Other than the feeding problem, she seems to be doing ok. She looks to take a bath a few times a week in a bird bath that I have in the yard. She drinks water on her own and flys for short distances to various objects in the yard. 

She looks to stay close to my wife and myself and shows no interest in joining the pigeons, doves and other birds the visit the feeders in my yard.


----------



## Pigeonpal2002 (Jul 27, 2002)

Hi Howie, 

Have you been feeding Tui formula only all this time? If so, perhaps you can start to hand feed her some seeds one at a time. This might get her used to the feeling of the seeds in her mouth and the taste. 

Also try various types of seeds with her, small, large spreading them down on the floor in front of her and make sure she's hungry. Peck at the seeds with your finger or a pen over and over to stimulate the pecking instinct. 

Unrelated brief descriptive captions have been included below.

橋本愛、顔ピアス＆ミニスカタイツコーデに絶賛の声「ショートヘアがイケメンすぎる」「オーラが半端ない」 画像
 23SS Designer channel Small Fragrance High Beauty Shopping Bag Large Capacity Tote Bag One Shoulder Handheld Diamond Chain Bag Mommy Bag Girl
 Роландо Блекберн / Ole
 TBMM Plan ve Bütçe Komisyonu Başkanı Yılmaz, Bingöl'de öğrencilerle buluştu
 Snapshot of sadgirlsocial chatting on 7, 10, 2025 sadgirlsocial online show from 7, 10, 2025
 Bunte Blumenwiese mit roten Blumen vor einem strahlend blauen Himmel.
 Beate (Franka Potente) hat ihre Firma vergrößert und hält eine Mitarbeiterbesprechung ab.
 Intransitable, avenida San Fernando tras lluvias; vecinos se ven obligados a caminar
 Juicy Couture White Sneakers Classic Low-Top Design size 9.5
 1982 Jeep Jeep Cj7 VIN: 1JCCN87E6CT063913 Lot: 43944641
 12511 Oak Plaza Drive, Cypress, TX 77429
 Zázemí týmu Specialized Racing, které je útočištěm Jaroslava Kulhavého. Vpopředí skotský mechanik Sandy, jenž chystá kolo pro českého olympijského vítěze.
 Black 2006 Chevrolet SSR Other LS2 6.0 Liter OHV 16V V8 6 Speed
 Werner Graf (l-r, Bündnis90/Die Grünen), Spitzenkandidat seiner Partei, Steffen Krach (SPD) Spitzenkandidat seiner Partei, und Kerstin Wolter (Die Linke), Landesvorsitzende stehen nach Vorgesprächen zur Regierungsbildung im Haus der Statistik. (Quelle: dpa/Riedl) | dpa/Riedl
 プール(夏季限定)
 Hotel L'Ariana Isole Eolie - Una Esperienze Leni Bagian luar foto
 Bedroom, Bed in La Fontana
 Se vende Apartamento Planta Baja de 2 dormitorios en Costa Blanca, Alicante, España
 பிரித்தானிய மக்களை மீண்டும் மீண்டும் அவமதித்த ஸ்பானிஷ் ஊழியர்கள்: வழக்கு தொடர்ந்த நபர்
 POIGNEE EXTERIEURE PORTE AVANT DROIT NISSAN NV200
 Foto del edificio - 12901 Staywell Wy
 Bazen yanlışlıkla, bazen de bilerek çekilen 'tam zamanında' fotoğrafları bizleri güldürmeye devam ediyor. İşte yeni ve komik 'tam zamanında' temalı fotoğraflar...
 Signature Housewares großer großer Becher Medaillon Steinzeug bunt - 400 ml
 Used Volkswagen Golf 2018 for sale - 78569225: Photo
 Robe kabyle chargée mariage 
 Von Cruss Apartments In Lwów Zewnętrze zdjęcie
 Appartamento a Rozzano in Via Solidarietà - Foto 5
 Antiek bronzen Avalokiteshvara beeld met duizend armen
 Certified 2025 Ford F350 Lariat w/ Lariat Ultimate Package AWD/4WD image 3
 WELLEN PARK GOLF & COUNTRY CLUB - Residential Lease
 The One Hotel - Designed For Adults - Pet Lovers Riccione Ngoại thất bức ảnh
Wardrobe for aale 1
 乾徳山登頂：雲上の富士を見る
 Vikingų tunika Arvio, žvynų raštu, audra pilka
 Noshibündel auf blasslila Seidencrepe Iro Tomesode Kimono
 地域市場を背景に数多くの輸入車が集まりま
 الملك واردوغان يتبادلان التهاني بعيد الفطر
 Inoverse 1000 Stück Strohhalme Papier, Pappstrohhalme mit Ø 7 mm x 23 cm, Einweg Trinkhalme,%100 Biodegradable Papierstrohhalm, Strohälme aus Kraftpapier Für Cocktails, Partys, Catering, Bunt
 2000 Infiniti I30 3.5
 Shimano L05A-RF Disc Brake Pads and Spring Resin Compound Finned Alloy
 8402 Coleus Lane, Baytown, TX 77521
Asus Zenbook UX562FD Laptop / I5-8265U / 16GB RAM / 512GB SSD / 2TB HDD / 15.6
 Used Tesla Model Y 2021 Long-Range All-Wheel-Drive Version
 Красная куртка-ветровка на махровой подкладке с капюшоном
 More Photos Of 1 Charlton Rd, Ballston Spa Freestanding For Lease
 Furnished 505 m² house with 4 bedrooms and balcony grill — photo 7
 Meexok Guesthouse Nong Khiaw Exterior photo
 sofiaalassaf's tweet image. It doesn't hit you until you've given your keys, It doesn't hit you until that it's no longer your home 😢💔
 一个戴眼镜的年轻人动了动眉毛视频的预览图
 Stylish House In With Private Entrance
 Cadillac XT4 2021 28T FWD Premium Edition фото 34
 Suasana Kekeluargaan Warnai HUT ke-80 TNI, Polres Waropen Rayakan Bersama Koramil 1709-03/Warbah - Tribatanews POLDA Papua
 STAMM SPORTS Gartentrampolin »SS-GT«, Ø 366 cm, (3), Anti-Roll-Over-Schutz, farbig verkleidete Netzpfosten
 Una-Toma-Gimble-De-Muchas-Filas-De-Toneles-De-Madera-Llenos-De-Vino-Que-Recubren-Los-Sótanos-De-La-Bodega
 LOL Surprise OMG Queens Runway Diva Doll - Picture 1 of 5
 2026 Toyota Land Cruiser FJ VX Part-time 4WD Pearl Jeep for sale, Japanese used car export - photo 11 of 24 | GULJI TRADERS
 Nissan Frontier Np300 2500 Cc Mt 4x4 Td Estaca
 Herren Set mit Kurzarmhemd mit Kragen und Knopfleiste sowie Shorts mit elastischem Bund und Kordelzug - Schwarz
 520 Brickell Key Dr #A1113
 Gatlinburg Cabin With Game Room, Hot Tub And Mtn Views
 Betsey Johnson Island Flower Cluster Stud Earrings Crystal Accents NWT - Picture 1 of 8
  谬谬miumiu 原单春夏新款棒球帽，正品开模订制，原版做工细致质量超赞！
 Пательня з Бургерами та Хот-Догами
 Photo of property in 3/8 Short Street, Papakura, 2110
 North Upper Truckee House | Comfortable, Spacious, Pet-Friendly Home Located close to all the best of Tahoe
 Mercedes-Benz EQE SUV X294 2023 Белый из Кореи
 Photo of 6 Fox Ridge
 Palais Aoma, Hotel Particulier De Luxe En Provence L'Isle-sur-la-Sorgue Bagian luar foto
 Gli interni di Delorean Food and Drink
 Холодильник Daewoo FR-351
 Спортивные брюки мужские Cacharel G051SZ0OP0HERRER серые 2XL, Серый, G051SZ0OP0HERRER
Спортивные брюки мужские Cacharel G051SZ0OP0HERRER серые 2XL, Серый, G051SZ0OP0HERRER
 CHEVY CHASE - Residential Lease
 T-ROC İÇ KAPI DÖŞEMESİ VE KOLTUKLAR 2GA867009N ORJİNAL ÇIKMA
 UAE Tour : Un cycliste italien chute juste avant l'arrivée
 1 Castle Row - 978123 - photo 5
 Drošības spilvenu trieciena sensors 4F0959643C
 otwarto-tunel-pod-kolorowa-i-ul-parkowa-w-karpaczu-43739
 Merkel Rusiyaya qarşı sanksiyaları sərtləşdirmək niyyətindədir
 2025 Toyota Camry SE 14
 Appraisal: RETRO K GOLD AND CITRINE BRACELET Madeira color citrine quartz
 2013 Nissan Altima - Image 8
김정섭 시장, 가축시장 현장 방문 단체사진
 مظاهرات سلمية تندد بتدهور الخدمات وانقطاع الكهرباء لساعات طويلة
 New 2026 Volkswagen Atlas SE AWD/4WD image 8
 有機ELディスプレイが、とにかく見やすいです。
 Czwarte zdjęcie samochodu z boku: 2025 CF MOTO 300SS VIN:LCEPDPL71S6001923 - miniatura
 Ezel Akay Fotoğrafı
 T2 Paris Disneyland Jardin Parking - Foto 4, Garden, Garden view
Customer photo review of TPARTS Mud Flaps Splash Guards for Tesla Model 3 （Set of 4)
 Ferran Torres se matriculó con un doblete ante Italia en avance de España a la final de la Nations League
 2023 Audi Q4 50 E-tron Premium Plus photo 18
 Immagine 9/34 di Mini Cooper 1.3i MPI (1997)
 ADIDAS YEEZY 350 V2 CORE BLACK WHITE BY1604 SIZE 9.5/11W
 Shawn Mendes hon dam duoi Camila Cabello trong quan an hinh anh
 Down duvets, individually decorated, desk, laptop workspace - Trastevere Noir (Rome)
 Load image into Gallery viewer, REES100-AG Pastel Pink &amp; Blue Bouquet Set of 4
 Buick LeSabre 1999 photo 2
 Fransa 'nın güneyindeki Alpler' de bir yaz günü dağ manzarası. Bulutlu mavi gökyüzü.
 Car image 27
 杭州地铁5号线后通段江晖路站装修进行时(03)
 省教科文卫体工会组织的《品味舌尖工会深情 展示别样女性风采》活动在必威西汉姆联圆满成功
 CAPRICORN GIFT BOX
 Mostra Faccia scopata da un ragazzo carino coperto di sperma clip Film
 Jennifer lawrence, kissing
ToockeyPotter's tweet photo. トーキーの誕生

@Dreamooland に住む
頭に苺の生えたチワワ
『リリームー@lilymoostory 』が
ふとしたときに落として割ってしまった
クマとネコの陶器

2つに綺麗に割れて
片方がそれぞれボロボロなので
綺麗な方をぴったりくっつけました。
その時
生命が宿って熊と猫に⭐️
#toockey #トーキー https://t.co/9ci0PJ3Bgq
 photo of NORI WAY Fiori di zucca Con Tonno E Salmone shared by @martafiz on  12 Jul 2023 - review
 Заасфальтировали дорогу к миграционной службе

Hand reared pigeons can at times be reluctant to learn to eat on their own but it is possible. Two pigeons that I have that were hand reared took over two months to learn so persistance and patience are definitely required. Make it a routine with Tui at the same time each day and a few times a day until she hopefully gets it


----------



## HowieH (Jul 3, 2005)

Thanks for the reply Brad. The strangest thing just happened. As I was making a batch of the formula, my wife tried your suggestion of feeding a seed at a time, she had to force the seeds into Tui's mouth and she did swallow a few. After the formular feeding, we put Tui into her cage and she started eating the seeds out of the seed cup. Tomorrow I'll try cutting back to just one feeding of the formula and try to monitor her seed intake. Thanks again.

Howie


----------



## Pigeonpal2002 (Jul 27, 2002)

Hi Howie, 

Isn't that something! Good stuff...just keep working with her and she should get the hang of it soon


----------